**Exercise prompt:**
When you reach the line containing "touch controls Angled", repeat that line and each one after it exactly until the records end, leaving out pictures.
═══ Extracted entries ═══
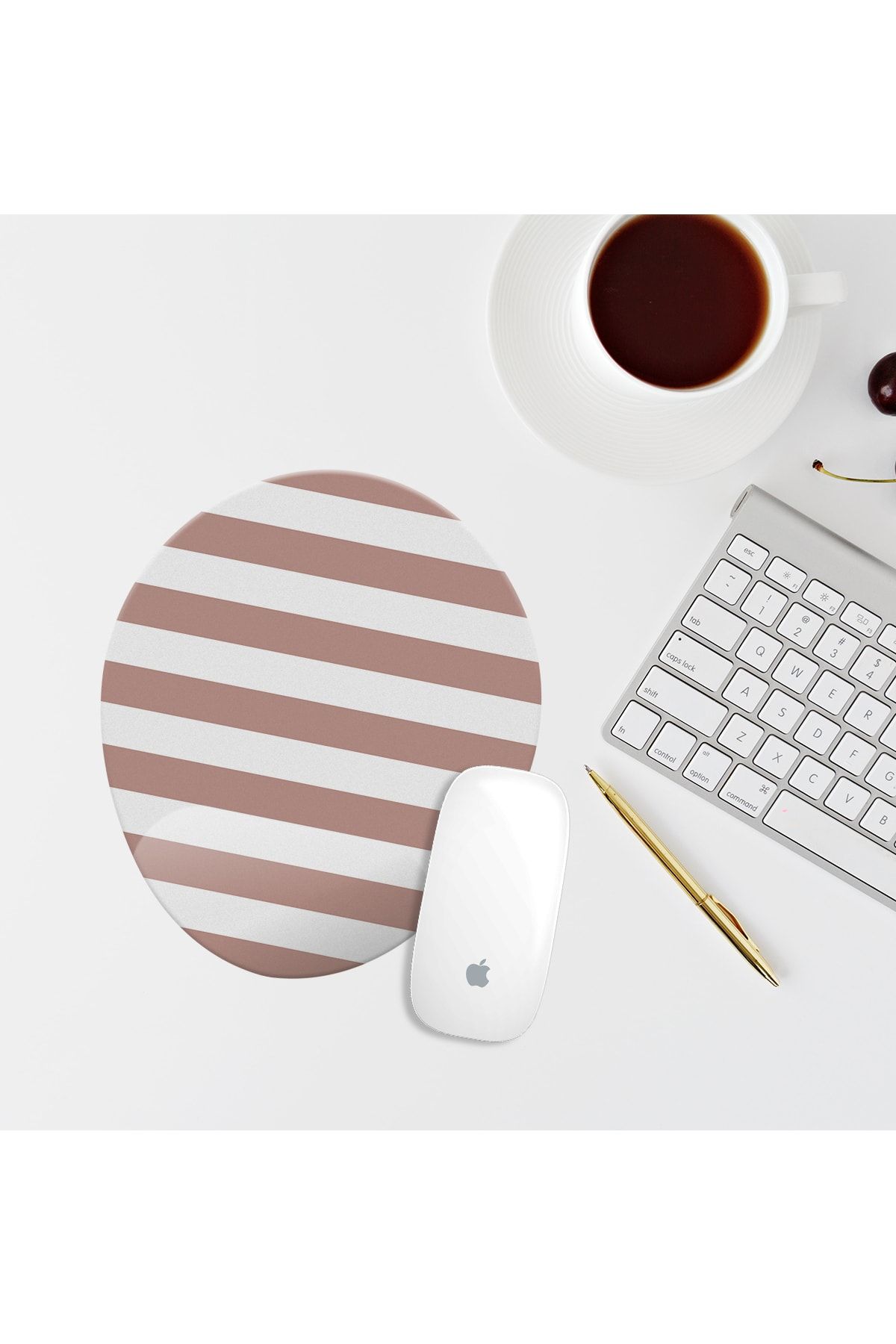 Özer Store Çizgili Bilek Destekli Oval Mouse Pad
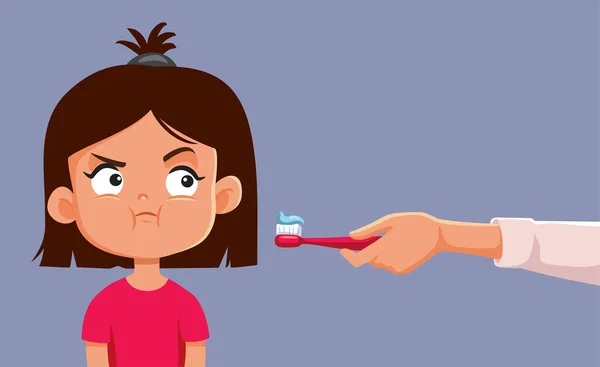 Niña Negándose Cepillarse Los Dientes Vector Dibujos Animados Ilustración — Vector de stock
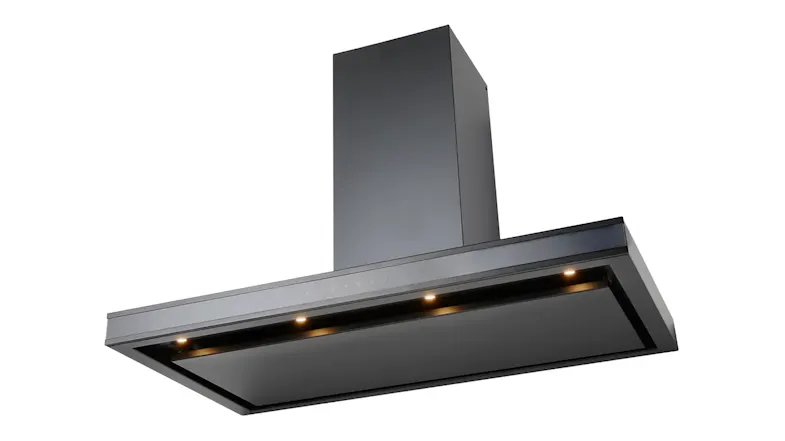Angled view of the wall-mounted kitchen rangehood with built-in lights and touch controls Angled view of the wall-mounted kitchen rangehood with built-in lights and touch controls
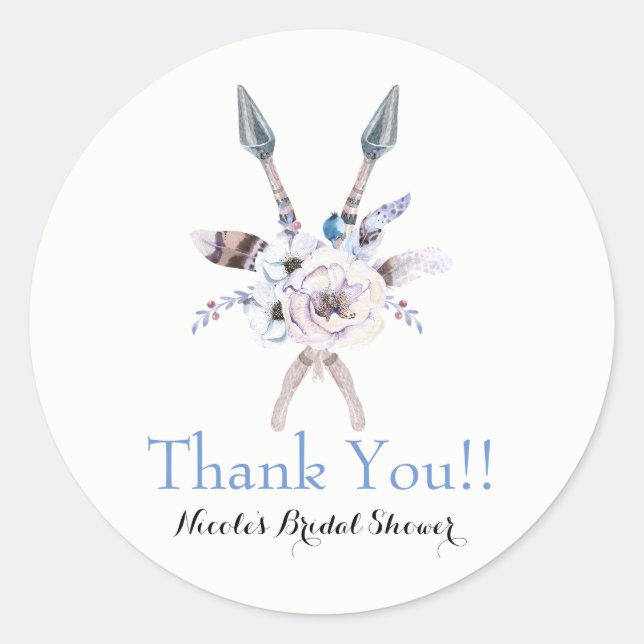 Boho Chic Bohemian Arrows Feather Floral Party Classic Round Sticker (Front)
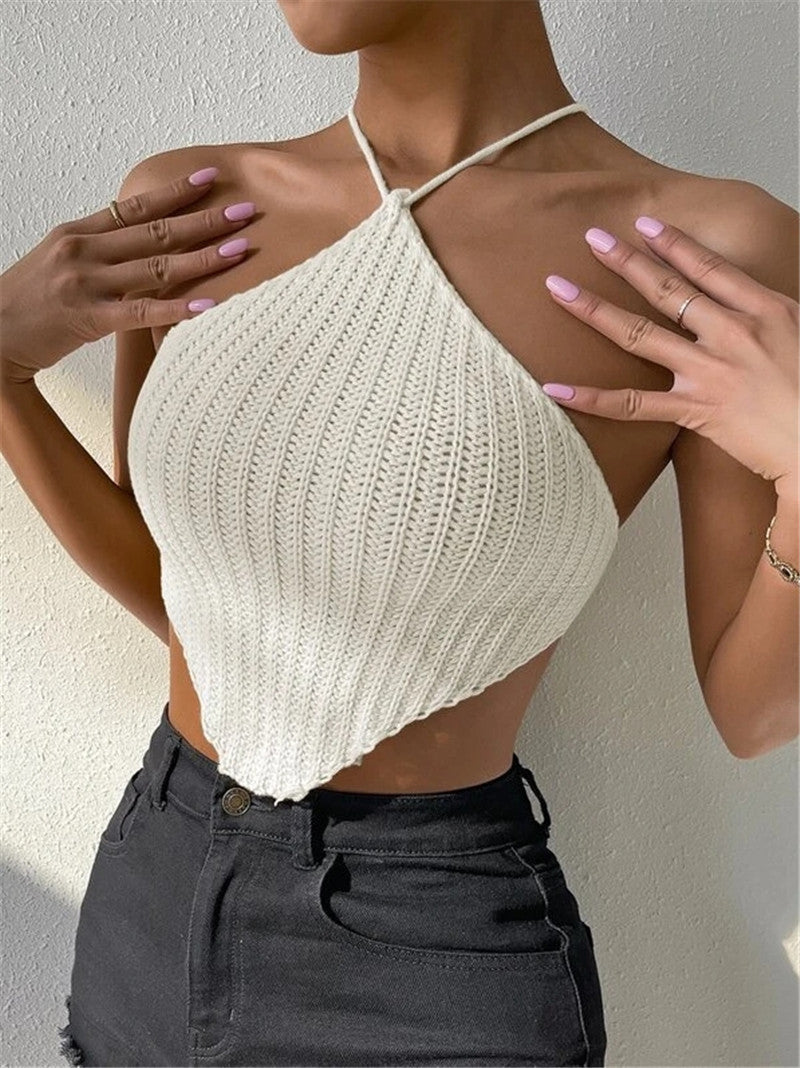 Halter Neck Ribbed Crochet Crop Top for Women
═══
**Answer area:**
Angled view of the wall-mounted kitchen rangehood with built-in lights and touch controls Angled view of the wall-mounted kitchen rangehood with built-in lights and touch controls
 Boho Chic Bohemian Arrows Feather Floral Party Classic Round Sticker (Front)
 Halter Neck Ribbed Crochet Crop Top for Women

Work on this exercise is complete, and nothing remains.